A hands-on learning lab for blockchain infrastructure, data engineering, and operations. This project simulates a small purchase system on a local Ethereum devnet, demonstrating how to build and operate blockchain infrastructure similar to services like Infura, Dune Analytics, and Etherscan.
This project uses a purchase system as a familiar example, but a real coffee shop should just use Postgres. Blockchain adds cost and complexity with no benefit when one party controls all the data.
Use a traditional database when:
- You control all components and data
- Participants trust you (or trust isn't an issue)
- You need fast, cheap transactions
- You want to fix mistakes by updating records
Blockchain adds value when:
- Trustlessness - Parties who don't trust each other need to agree on state (e.g., cross-company supply chain)
- Immutability - Records cannot be altered, even by the system owner (e.g., audit logs, certificates)
- Censorship resistance - No single party can block transactions (e.g., cross-border payments)
- Programmable value transfer - Automated conditions on money movement (e.g., escrow, royalties, DeFi)
- Public verifiability - Anyone can independently verify the data (e.g., public registries)
Real-world examples where blockchain fits: cross-border payments without intermediaries, supply chain verification between competitors, NFT royalties enforced by code, DAO treasuries controlled by smart contracts rather than individuals.
This project teaches the infrastructure patterns regardless of use case - the same skills apply whether you're indexing DeFi transactions or supply chain events.
This project teaches:
- Blockchain Infrastructure: Running a full node, exposing RPC/WebSocket interfaces, handling transactions
- Data Engineering: Building indexing pipelines that treat blockchain events like streaming data
- SRE/Operations: Monitoring block height, node health, event throughput, and system reliability
- FinOps: Understanding storage, CPU, and network considerations for blockchain nodes
+------------------+
| Simulator |
| (Purchases) |
+--------+---------+
|
| sends transactions
v
+--------+---------+ +------------------+
| Geth | | Indexer |
| (Devnet) |---->| (RPC -> PG) |
| | | |
| RPC: 8545 | +--------+---------+
| WS: 8546 | |
| Metrics: 6060 | v
+--------+---------+ +--------+---------+
| | PostgreSQL |
| | |
v | - raw_logs |
+--------+---------+ | - purchases |
| Prometheus | +------------------+
| |
| Port: 9090 |
+--------+---------+
|
v
+--------+---------+
| Grafana |
| |
| Port: 3000 |
+------------------+
| Service | Description | Port |
|---|---|---|
| Geth | Ethereum execution client in dev mode | 8545 (RPC), 8546 (WS), 6060 (metrics) |
| PostgreSQL | Stores raw logs and decoded purchases | 5432 |
| Deployer | One-shot container that deploys the smart contract | - |
| Simulator | Generates random purchase transactions | - |
| Indexer | Polls chain for events, stores in Postgres | 8000 (metrics) |
| Prometheus | Metrics collection and storage | 9090 |
| Grafana | Visualization and dashboards | 3000 |
| Blockscout | Block explorer web UI | 4000 |
Geth (Go Ethereum) is the official Go implementation of the Ethereum protocol and the most critical component in this stack.
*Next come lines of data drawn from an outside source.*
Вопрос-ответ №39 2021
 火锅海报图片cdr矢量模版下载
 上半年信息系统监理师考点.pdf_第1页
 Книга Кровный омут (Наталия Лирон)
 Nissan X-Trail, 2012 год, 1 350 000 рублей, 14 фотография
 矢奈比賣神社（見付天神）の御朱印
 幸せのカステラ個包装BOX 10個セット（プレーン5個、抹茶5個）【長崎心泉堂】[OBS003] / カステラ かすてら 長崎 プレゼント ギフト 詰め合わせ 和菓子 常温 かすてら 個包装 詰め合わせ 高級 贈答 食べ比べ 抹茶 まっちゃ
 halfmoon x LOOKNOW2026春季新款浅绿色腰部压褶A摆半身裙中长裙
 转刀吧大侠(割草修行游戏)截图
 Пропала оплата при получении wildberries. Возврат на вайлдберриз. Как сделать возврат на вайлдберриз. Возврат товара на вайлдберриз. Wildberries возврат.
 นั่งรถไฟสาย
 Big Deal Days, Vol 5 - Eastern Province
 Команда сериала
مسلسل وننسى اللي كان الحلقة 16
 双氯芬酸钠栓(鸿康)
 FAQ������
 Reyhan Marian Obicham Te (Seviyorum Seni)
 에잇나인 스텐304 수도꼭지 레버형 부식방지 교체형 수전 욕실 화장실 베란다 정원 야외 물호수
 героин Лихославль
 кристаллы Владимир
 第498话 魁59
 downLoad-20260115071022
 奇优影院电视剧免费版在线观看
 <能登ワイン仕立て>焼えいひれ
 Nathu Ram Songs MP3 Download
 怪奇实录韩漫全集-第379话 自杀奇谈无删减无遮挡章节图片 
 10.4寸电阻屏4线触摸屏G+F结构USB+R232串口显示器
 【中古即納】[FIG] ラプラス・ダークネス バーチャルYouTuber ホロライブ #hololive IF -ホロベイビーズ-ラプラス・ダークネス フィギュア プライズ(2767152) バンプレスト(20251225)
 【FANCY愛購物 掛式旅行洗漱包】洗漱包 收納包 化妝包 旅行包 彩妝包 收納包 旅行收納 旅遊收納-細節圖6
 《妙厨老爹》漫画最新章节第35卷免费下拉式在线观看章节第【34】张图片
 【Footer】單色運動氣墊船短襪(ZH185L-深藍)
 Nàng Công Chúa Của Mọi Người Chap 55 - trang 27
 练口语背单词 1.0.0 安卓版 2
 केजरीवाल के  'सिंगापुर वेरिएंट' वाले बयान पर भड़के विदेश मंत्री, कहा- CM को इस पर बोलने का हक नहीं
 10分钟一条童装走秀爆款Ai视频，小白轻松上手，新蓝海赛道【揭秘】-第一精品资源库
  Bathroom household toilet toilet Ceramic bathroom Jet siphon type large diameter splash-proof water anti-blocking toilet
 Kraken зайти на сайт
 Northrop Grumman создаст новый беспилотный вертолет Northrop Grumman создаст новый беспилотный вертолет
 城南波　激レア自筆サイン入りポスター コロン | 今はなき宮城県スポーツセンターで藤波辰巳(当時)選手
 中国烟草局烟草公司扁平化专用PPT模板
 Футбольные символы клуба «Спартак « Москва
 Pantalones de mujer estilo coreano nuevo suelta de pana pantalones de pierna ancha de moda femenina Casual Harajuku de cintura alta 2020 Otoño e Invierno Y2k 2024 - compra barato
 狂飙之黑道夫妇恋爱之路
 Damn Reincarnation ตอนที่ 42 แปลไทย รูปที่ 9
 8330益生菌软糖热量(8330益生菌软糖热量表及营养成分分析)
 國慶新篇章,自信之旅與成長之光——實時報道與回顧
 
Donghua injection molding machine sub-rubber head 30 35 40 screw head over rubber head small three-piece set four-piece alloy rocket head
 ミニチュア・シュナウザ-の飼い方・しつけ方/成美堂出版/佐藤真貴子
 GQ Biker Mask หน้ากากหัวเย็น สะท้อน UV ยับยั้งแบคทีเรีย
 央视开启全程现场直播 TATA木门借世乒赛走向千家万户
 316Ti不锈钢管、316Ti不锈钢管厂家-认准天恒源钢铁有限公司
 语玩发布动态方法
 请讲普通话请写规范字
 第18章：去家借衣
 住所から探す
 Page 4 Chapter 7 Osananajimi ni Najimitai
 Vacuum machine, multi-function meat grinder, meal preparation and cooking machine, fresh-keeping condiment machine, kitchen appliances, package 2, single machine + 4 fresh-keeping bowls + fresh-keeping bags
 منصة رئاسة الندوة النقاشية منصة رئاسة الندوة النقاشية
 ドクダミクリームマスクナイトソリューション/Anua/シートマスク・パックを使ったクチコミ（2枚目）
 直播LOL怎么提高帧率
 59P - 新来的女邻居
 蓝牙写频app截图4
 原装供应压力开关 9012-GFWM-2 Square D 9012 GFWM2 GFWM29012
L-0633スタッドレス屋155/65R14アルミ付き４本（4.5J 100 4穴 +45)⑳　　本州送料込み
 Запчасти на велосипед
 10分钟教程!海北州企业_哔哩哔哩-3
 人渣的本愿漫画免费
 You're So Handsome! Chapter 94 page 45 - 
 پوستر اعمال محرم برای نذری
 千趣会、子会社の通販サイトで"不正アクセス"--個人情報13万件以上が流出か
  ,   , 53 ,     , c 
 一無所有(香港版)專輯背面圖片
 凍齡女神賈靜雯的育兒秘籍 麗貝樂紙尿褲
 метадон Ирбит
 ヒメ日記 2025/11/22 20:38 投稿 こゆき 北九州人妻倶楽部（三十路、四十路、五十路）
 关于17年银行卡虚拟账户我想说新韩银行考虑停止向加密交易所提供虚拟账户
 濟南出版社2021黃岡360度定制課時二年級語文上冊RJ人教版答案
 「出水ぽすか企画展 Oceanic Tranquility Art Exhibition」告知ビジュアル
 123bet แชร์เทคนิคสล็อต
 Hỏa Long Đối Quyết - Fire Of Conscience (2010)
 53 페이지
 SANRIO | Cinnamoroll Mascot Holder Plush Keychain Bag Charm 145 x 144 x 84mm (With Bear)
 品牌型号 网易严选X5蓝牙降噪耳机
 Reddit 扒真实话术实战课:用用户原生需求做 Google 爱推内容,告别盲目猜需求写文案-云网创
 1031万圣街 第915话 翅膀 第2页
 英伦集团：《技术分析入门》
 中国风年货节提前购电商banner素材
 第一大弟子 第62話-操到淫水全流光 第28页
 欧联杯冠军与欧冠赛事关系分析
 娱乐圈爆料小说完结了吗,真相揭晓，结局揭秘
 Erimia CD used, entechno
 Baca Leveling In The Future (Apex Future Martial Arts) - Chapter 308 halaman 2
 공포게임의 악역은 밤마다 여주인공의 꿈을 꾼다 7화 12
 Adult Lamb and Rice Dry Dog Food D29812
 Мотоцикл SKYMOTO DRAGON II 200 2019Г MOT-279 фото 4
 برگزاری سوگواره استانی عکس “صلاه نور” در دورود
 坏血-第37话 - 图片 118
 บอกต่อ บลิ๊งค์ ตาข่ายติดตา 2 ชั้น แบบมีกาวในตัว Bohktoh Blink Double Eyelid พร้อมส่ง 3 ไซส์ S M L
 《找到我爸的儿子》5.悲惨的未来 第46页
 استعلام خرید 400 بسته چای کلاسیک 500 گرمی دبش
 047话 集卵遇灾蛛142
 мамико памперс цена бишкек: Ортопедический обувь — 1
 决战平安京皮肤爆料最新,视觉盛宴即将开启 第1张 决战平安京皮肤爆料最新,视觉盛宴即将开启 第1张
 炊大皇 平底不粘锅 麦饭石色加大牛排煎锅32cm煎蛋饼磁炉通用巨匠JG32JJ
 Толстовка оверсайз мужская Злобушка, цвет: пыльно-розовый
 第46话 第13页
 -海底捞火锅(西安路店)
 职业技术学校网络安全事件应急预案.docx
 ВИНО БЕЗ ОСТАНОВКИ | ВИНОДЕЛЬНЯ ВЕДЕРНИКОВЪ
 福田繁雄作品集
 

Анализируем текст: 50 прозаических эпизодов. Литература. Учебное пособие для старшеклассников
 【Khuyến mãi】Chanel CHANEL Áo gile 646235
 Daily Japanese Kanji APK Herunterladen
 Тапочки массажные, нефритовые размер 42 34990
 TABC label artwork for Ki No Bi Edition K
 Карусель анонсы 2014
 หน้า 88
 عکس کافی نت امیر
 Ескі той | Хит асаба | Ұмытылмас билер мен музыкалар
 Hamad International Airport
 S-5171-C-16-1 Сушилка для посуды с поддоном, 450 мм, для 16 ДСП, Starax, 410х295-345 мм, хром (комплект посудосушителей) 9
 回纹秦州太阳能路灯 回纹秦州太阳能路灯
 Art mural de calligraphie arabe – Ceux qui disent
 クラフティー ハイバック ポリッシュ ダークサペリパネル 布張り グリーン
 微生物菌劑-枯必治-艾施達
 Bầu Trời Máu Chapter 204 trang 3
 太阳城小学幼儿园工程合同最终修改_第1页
It's the software that actually runs an Ethereum node.
- Runs the blockchain node - Connects to networks, syncs blocks, validates transactions
- Maintains state - Stores account balances, smart contract code, and contract storage
- Provides APIs - Exposes JSON-RPC and WebSocket endpoints for wallets, dApps, and indexers
- Executes transactions - Runs the EVM (Ethereum Virtual Machine) to process smart contract calls
In this project, Geth runs in dev mode (--dev), which creates a lightweight private chain:
| Dev Mode | Production (Mainnet/Testnet) |
|---|---|
| Single node, no network | Thousands of peers |
| Instant block production | 12-second block times |
| Pre-funded test account | Real ETH required |
| Megabytes of storage | 1TB+ for full node |
| No consensus overhead | Requires consensus client |
If you were running this infrastructure for real, Geth would be your primary operational concern:
- Sync time: Full mainnet sync takes days
- Storage growth: Blockchain grows ~1GB/day on mainnet
- Uptime: If Geth goes down, everything depending on it fails
- RPC load: Heavy traffic can overwhelm a single node
- Client diversity: Production systems often run multiple client implementations (Geth, Erigon, Nethermind) for resilience
Geth is not the only option. Alternative Ethereum execution clients include:
- Erigon - Optimized for disk space and sync speed
- Nethermind - .NET implementation with good performance
- Besu - Java implementation, enterprise-focused
- Reth - Rust implementation, newer and fast
Since Ethereum moved to proof-of-stake (The Merge, 2022), production nodes also require a consensus client (Lighthouse, Prysm, Teku, etc.) paired with the execution client.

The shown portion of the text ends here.